• [EXTRACTED RECORDS]:
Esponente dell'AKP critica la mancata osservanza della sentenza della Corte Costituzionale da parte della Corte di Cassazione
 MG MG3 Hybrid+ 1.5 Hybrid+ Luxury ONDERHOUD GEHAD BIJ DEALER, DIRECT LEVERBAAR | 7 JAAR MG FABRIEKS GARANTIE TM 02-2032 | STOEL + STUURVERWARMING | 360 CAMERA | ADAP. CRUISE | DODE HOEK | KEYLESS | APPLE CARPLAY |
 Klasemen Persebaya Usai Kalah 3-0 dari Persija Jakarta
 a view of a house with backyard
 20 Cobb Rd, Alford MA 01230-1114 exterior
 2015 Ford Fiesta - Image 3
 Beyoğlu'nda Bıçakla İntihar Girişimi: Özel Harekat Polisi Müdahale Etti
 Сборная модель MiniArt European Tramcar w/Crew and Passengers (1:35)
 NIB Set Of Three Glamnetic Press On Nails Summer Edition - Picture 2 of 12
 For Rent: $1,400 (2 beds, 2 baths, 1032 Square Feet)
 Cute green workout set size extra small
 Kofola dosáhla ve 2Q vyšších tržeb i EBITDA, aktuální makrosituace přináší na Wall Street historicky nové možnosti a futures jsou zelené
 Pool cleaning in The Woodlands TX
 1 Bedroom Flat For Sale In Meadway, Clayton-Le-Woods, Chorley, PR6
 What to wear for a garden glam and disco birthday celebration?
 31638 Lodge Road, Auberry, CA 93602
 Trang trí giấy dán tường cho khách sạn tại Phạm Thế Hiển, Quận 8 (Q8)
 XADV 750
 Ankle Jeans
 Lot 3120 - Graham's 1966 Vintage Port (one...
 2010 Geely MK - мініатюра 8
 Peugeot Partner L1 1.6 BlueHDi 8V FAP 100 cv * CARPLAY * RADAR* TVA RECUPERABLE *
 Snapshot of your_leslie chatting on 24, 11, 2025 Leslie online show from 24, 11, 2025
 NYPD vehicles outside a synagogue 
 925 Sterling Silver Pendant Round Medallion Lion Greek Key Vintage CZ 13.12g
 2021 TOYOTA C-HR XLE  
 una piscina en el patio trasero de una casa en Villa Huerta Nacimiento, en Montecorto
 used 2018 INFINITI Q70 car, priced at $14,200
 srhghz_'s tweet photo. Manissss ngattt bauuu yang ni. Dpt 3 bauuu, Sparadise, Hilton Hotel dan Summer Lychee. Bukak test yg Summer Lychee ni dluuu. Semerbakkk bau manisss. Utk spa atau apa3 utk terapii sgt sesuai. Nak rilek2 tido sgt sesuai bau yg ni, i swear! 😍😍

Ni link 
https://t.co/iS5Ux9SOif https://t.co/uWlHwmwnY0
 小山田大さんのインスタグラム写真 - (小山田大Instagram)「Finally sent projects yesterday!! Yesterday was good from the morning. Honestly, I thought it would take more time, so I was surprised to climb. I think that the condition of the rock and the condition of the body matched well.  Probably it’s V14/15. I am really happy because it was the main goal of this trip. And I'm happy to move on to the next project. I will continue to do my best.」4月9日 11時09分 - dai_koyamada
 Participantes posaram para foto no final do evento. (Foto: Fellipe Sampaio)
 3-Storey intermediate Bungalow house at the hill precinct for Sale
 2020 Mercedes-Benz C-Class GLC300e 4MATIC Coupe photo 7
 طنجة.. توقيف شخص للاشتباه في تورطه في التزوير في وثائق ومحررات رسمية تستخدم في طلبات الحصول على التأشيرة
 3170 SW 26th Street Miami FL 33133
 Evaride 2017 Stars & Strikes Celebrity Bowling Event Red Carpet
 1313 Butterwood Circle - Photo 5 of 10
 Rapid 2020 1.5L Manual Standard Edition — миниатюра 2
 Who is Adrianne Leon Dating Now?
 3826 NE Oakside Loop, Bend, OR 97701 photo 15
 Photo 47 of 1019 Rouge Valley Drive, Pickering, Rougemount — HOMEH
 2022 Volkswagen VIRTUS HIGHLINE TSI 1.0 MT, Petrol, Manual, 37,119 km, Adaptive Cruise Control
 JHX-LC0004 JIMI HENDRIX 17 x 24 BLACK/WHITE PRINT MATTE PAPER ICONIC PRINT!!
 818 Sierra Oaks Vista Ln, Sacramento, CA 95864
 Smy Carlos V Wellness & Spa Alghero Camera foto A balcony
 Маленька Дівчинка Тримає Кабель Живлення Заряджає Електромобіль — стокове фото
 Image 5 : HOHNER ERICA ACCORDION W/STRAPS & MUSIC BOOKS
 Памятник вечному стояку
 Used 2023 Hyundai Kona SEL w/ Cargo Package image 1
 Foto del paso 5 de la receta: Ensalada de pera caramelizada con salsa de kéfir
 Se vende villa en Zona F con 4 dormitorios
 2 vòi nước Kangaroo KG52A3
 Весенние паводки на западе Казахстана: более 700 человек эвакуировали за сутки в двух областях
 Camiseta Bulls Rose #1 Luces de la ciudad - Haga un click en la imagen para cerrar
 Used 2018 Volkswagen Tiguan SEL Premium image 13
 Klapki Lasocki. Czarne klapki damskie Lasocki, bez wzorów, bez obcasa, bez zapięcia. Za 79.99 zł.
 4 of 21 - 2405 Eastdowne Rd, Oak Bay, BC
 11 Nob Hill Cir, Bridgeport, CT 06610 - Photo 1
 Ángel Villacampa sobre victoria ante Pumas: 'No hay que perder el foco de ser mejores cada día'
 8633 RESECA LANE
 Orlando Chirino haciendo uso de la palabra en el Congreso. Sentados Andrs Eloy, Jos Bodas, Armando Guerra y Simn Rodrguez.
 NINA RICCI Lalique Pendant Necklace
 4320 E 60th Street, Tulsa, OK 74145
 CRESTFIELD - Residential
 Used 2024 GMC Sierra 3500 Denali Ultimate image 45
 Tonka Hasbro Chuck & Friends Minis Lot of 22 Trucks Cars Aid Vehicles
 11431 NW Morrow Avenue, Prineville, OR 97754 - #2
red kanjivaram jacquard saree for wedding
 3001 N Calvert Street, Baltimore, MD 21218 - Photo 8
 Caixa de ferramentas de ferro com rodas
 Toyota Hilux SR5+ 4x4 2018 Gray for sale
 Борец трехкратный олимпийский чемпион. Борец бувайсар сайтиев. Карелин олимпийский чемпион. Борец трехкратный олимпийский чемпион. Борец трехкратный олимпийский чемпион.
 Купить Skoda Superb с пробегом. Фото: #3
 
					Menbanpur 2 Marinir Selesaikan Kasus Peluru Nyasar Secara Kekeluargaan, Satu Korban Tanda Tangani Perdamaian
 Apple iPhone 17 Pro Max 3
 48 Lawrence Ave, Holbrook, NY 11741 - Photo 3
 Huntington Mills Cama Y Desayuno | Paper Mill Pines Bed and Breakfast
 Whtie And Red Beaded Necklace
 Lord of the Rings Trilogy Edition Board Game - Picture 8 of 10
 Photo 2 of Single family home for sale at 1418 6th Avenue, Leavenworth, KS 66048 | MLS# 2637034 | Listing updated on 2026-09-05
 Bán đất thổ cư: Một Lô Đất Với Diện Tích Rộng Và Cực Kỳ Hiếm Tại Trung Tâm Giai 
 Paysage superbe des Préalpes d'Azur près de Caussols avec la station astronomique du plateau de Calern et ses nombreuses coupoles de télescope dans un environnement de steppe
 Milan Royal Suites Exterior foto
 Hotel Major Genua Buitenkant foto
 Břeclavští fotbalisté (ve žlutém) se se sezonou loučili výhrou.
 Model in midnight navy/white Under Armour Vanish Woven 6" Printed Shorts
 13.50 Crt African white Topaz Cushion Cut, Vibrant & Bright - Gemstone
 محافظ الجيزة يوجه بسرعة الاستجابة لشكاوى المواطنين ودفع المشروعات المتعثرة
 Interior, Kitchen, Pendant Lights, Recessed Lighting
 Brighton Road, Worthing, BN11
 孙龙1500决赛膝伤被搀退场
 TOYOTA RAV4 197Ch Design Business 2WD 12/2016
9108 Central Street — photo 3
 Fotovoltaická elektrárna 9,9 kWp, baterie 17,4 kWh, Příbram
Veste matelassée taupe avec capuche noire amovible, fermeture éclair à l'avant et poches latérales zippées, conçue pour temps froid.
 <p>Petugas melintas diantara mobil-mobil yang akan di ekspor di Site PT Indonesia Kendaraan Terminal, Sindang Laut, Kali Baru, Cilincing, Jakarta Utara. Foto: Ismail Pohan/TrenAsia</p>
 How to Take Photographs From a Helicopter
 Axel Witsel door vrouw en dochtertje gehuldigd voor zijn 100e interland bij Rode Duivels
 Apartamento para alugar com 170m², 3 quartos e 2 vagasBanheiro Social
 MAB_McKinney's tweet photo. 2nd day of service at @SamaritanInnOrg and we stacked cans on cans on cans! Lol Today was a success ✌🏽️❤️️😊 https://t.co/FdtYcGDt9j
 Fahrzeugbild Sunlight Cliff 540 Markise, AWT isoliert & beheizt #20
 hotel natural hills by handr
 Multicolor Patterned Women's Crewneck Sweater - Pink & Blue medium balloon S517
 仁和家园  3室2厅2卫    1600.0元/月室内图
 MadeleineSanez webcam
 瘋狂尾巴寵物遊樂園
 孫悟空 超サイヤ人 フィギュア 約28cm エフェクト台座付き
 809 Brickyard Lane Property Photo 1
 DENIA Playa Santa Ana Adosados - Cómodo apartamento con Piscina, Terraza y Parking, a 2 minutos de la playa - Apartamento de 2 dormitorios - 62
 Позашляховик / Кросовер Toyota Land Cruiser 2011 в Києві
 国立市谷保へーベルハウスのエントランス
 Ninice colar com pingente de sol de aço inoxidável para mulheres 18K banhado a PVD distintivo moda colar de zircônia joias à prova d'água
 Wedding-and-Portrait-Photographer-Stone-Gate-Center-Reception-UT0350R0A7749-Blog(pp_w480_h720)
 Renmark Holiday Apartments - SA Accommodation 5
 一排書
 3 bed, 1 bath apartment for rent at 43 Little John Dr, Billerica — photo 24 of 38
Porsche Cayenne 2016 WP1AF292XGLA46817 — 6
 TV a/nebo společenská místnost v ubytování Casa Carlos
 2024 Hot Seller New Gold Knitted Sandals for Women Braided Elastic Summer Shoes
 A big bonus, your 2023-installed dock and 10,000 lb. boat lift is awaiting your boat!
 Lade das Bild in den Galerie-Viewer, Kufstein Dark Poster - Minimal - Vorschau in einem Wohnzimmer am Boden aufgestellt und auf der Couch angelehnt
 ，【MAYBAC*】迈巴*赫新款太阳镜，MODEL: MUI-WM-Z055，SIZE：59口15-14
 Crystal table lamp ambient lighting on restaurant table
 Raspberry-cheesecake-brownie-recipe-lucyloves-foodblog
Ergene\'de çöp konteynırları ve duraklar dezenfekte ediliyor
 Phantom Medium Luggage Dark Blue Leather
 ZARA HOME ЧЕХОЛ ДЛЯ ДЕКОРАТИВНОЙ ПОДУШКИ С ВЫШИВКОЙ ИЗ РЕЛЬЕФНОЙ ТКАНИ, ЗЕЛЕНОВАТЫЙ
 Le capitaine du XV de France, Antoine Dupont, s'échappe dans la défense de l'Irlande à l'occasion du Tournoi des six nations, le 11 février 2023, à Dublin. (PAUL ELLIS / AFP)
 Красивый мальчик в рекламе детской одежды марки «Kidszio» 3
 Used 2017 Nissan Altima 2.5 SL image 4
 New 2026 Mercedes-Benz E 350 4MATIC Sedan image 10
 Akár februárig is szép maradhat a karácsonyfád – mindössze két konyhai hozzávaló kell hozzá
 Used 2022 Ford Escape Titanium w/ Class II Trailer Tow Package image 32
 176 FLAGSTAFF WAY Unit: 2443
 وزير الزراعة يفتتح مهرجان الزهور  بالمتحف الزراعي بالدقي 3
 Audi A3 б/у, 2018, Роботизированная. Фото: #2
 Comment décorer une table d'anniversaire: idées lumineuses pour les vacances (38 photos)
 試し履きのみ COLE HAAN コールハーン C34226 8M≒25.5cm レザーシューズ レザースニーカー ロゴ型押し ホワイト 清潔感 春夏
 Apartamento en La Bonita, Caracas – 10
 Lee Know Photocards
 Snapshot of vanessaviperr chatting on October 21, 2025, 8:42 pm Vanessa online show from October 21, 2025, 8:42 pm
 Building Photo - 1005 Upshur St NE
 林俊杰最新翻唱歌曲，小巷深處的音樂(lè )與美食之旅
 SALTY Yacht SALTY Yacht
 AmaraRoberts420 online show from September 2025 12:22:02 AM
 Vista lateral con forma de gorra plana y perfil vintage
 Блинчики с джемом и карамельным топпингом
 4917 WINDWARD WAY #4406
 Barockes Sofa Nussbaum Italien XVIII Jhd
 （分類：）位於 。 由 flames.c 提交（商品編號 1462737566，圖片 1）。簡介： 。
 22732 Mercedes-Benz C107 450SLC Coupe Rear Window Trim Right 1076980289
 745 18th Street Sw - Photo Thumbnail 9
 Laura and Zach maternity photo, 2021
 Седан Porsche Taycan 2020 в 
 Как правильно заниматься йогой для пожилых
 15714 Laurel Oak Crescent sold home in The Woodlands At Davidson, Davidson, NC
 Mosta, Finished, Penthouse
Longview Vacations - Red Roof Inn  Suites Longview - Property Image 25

• [ABOUT THIS TASK]: Take each line above that contains "https" and copy it out.

• [WRITTEN RESPONSE]:
https://t.co/iS5Ux9SOif https://t.co/uWlHwmwnY0
 MAB_McKinney's tweet photo. 2nd day of service at @SamaritanInnOrg and we stacked cans on cans on cans! Lol Today was a success ✌🏽️❤️️😊 https://t.co/FdtYcGDt9j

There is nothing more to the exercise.